Unvan, “kendi çatılarımız altında kendi gerçekliklerimizle baş başa kaldığımız bu dönemde” edebiyatın, yaratıcı okumaların tek çıkar yolu olduğunu ifade ediyor.
“İnsanlığımızı deneyimlememiz için elzem olduğunu anladığımı ve herkese de bu yönde okumalar yapmasını önerdiğimi söyleyebilirim. Beklediğimiz yeni dünya bir türlü kendini göstermiyor, kriz tüm ekonomik ve sosyal yönleriyle mevcut durumu daha da görünür kılıyor, çelişkiler keskinleşiyor.
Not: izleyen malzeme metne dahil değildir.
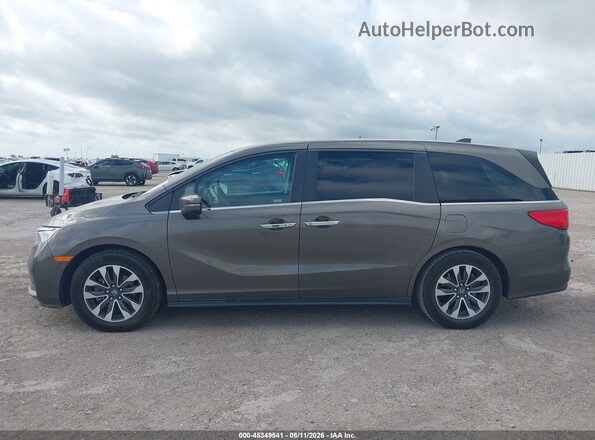 5FNRL6H7XMB033470 2021 HONDA ODYSSEY Gray 360 interior view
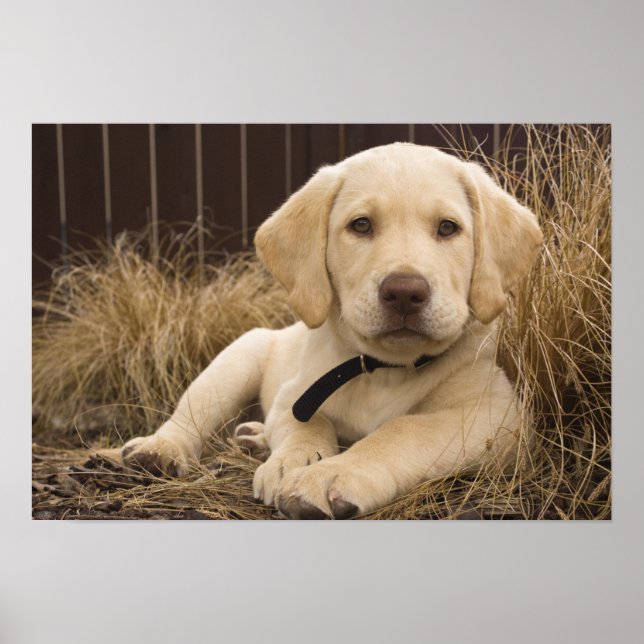 Labrador Retriever puppy Poster (Front)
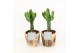 Euphorbia in wood bruin 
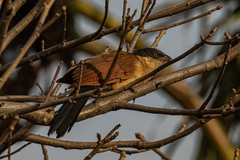 Centropus senegalensis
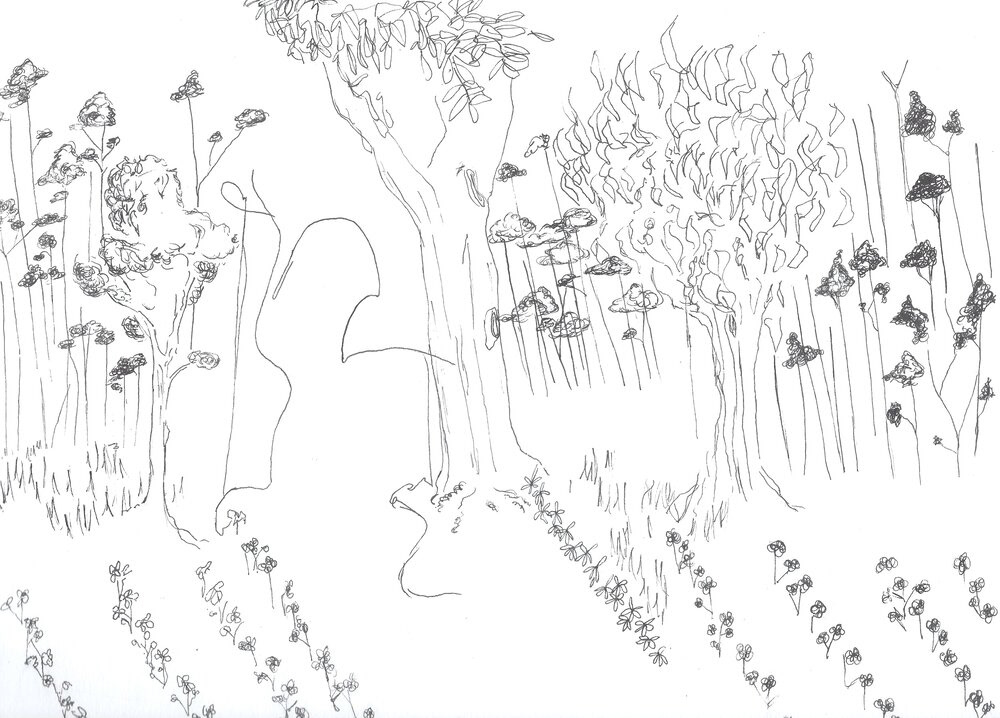 The Cotton Picker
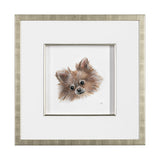 Frankie (Pomeranian 1) by Mercana Studio Hand Embellished Framed Art Print Matted under Glass from Mercana - Luna Furniture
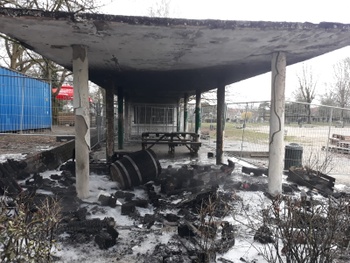 20190301_Brand in park van  Vorst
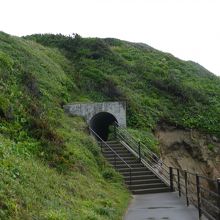 ぎょうけい館・ホテルニュー大新前の海岸線の遊歩道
Ama o yeni dünyaya önce aklımızda yer açmak için, yeni bir dil ve akılla düşünebilmek için yapabileceğimiz şeyler var.”
Bulut Unvan
Doktora öğrencisi
“Her kitap kendi varlık nedeninden bağımsız da okunabilir”
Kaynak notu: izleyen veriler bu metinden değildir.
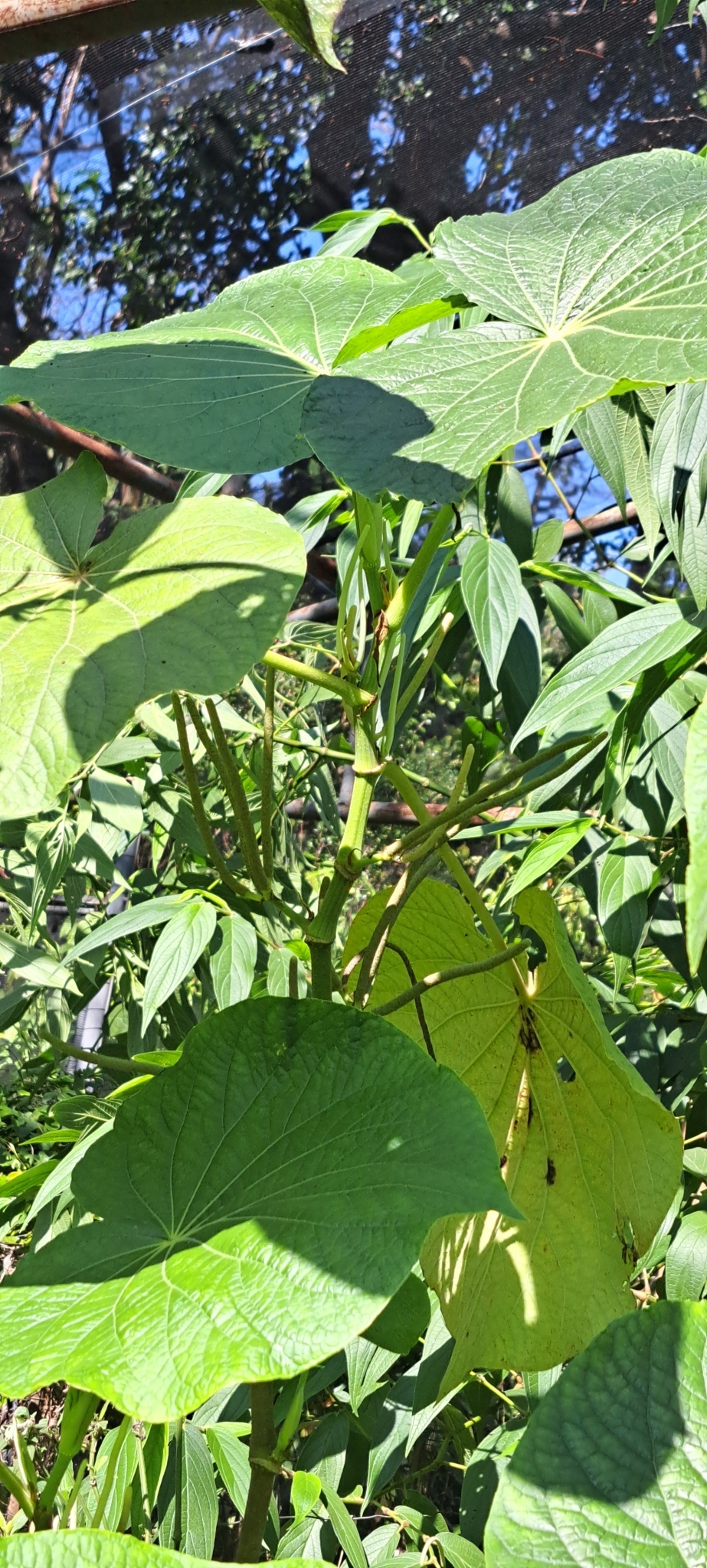Photo of pariparoba (3/7)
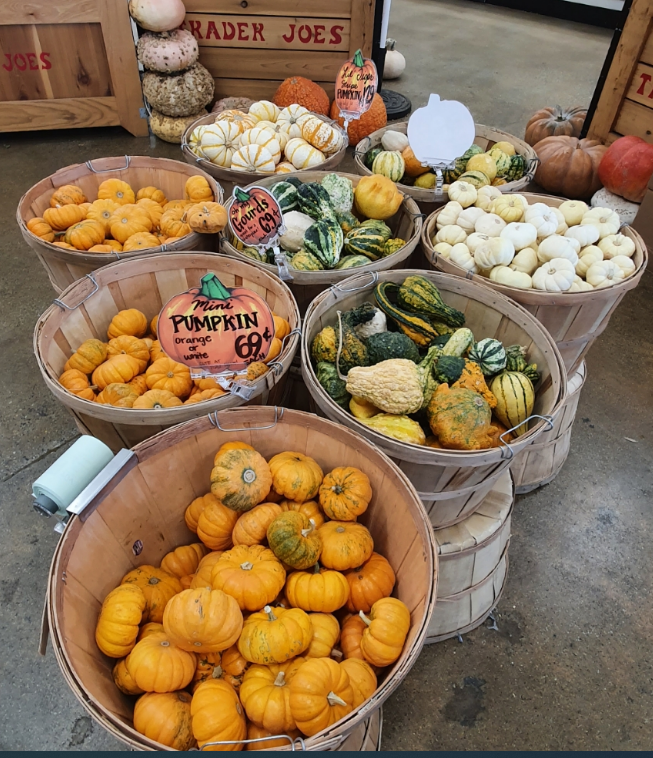  트레이더 조 Trader Joe's추천 품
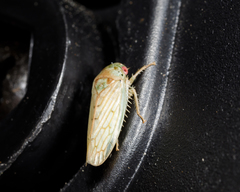 Polana quadrinotata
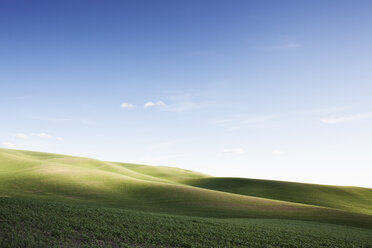 Wheat field areas of eastern Washington, USA - MINF09074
“Beklediğimiz yeni dünya bir türlü kendini göstermiyor, kriz tüm ekonomik ve sosyal yönleriyle mevcut durumu daha da görünür kılıyor, çelişkiler keskinleşiyor. Ama o yeni dünyaya önce aklımızda yer açmak için, yeni bir dil ve akılla düşünebilmek için yapabileceğimiz şeyler var.”
Her kitabın ayrı bir varlık nedeni olduğuna inanırım. Ayrıca her kitabın kendi yazılış, varlık nedeninden bağımsız okunabileceğine, deneyimlenebileceğine de. Yaratıcı okumalar yapmak, kitaba kendi söyleminin dışına taşacak açılımlar yaptırabilmek bence kimi metinlerin hakkını vermek için şart. Bir teori kitabında dilin edasını, ağırlığını, ya da edebi bir metnin kurgudan bağımsızlaşıp teorileşmeye uzanan uçlarını görebilmeyi de bu yüzden önemserim.
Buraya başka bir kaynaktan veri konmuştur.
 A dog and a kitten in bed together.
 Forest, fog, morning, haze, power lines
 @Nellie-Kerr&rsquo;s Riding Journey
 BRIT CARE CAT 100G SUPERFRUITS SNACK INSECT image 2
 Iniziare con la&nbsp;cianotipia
Bir arkadaş sohbetinde de belirttiğim gibi, hem siyasal söylemin tıkandığı yeniyi imlemediği hem de fiziksel eylemlerimizin kısıtlandığı kendi çatılarımız altında kendi gerçekliklerimizle baş başa kaldığımız bu dönemde edebiyatın, yaratıcı okumaların tek çıkar yolu olduğunu, insanlığımızı deneyimlememiz için elzem olduğunu anladığımı ve herkese de bu yönde okumalar yapmasını önerdiğimi söyleyebilirim. Beklediğimiz yeni dünya bir türlü kendini göstermiyor, kriz tüm ekonomik ve sosyal yönleriyle mevcut durumu daha da görünür kılıyor, çelişkiler keskinleşiyor. Ama o yeni dünyaya önce aklımızda yer açmak için, yeni bir dil ve akılla düşünebilmek için yapabileceğimiz şeyler var.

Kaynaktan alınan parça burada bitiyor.